Outre ce choix du volontariat, durant ce dernier sommet de Bruxelles, les responsables européens ont décidé de durcir les conditions d'accueil des migrants: création de centres de tri pour réfugiés et accélération des expulsions pour les recalés au droit d'asile. Le tri entre les migrants a été demandé par Paris dans le cadre de la lutte contre l'immigration irrégulière.
"Je suis gêné" par ce durcissement, a confié Martin Schulz, le président du Parlement européen.
Le « plan B » de Matteo Renzi
Sans accord avec ses homologues européens concernant la répartition des demandeurs d’asile, le chef du gouvernement italien pourrait dégainer son
« plan B ». Il consisterait en la délivrance des permis temporaires aux demandeurs d’asile qui pourraient circuler librement à travers l’Europe. Une solution qui pourrait jeter un froid entre l’Italie et les Etats membres.
Quatre questions à...
Jean-François Dubost, responsable des questions d'asile et d'immigration pour Amnesty International France.
- Les Etats membres de l'UE n'ont pas trouvé de consensus concernant la répartition obligatoire des demandeurs d'asile. Qu'est-ce que cela traduit ?
Cela montre qu’il y a un problème de solidarité et que la solidarité contraignante n’existe pas. Si l'on reste sur une base volontaire, cela veut dire que les Etats d’une certaine portion du territoire européen -les plus à l’abri de l’arrivée des migrants- ne se sentent pas suffisamment concernés par les drames qui se jouent aux frontières et le poids qui pèse sur certains pays.
Dans l'idée de la Commission européenne, les personnes qui devaient être accueillies sont, a priori, certaines d'obtenir le statut de réfugiés car elles sont de nationalités syrienne et érythréenne. Ces nationalités sont reconnues comme étant éligibles à une protection internationale.
- Quel est le problème alors ?
Le problème est-ce le nombre de personnes à accueillir ? Je ne pense pas car cela ne représente que quelques milliers de personnes. Je pense que c’est plus un problème de conception et d’idée plutôt que l’aspect opérationnel. C’est comme quand la France dit qu’elle ne veut pas réinstaller des réfugiés syriens sur son territoire. Matériellement et financièrement, c’est faisable. C’est juste un souci de conception, de lien avec l’opinion publique, de questions intérieures, de politique.

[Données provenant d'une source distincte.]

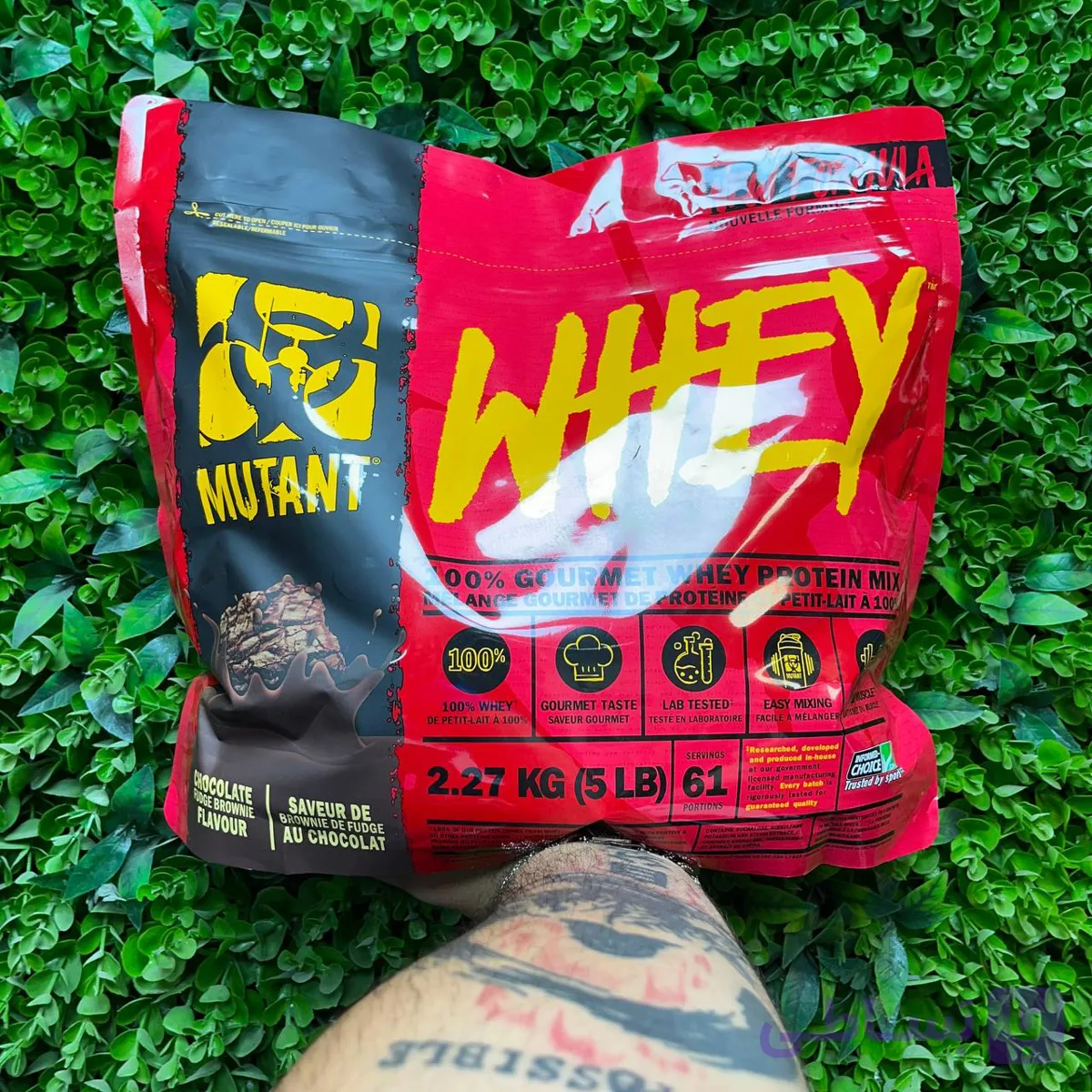 پروتئین وی موتانت ۲.۲۷ کیلوگرمی (MUTANT Whey 100% Gourmet)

Mais c’est très décevant.
Cette situation n’est que la continuité de ce qui s’est toujours passé sur ces questions là. La Grèce et l’Italie sont des Etats en première ligne. Il y a rarement eu des signes flagrant de solidarité à leur égard. Même quand les systèmes disfonctionnaient complètement, les autres Etats continuaient à envoyer des demandeurs d’asile en vertu des règles européennes.

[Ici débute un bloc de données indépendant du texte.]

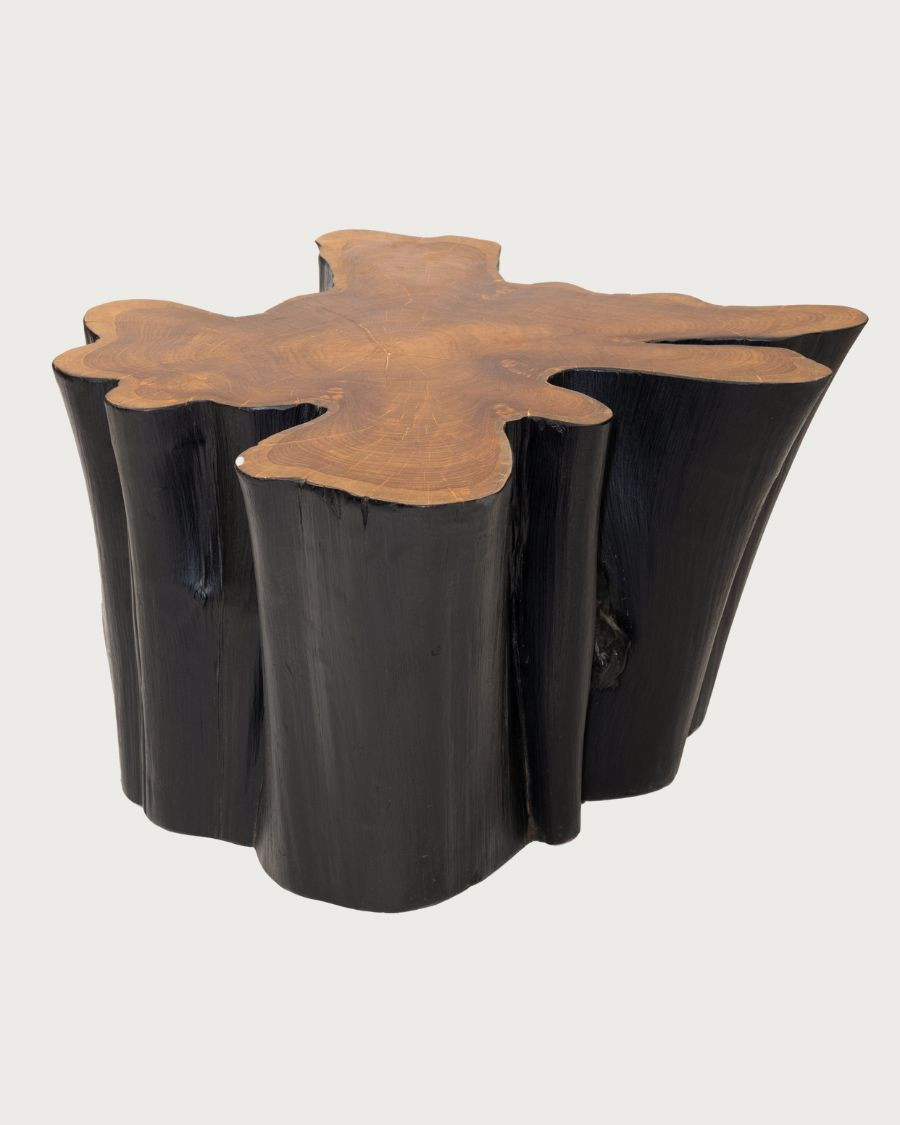 Timberly - Tavolino da caffè in tronco d'albero massello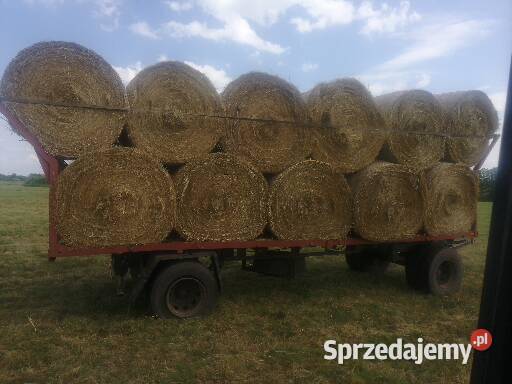 Siano Bale 120 150 Chojnów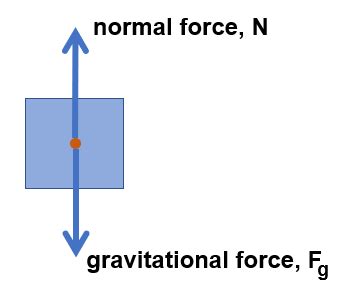 Static Equilibrium Overview & Examples | What is Static Equilibrium? | Study.com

Donc ce n’est pas nouveau. Ce qui est nouveau c’est l'action de la Commission. Si pour certains elle a agi timidement, elle a quand même posé les choses à plat pour montrer clairement qu’il existait des solutions. Ce qui est intéressant, c’est qu’on voit que ce sont les Etats membres et leur souveraineté qui viennent bloquer le système européen.
- Que faire maintenant ? Quelle est la solution au sein de l'UE ?
Je pense qu’il faut attendre les engagements concrets qui doivent être pris d’ici fin juillet par chacun des Etats. Ils vont devoir dire s’ils sont volontaires ou pas pour accueillir ces demandeurs d'asile.
Il n'est pas impossible qu'il y ait une différence de posture entre un non catégorique à la sortie du sommet, ou interprété comme tel, et finalement un accord partiel, d'ici fin juillet, sur le nombre de personnes concernées. Il faut attendre.
Le sujet de la relocalisation (répartition des demandeurs d'asile, ndlr) a concentré beaucoup d’intérêt ces dernières semaines, mais il y a aussi beaucoup d’autres mesures qui sont nécessaires pour les migrants.
Amnesty International reconnait que c’est une des clefs mais ce qui nous importe le plus c’est que l’UE renforce son assistance financière, opérationnelle et technique pour tous les Etats qui sont en première ligne. Nous demandons également une liberté de mouvement pour les personnes qui bénéficient d’une protection.
- Matteo Renzi a tapé du poing sur la table lors du sommet. Pourrait-il mettre en application son "plan B", la délivrance de visa temporaire, et exercer une pression sur les autres Etats membres ?
L’Italie l’a déjà fait au moment des Printemps arabes et de la révolution en Tunisie. Un certain nombre de Tunisiens s’étaient vu remettre un titre de séjour temporaire qui leur permettait de circuler dans l’espace Schengen. Mais c’était à plus petite échelle.
L’Italie fait pression. Est-ce qu’elle ira jusqu’au bout ? Cela dépendra aussi de la situation intérieure du pays. Mais s'il met son plan en application, cela risque d’entraîner ce qui s’était passé à l’époque sous le mandat de Nicolas Sarkozy : la fermeture temporaire des frontières aux points de passage avec l’Italie. Cela avait ensuite entraîné un aménagement des cas dans lesquels on pouvait rétablir le contrôle des frontières dans le cadre de l’espace Schengen. Il y avait eu tout un débat enflammé autour de ces questions là.
Nous sommes un territoire unique -certes, avec 28 Etats membres- mais nous avons des règles communes et une liberté de circulation qui implique la solidarité et la responsabilité partagée. Le monde traverse une crise des réfugiés et c’est quand même triste de voir que pour quelques dizaines de milliers de personnes, les Etats européens n’arrivent pas à se mettre d’accord. C’est stupéfiant.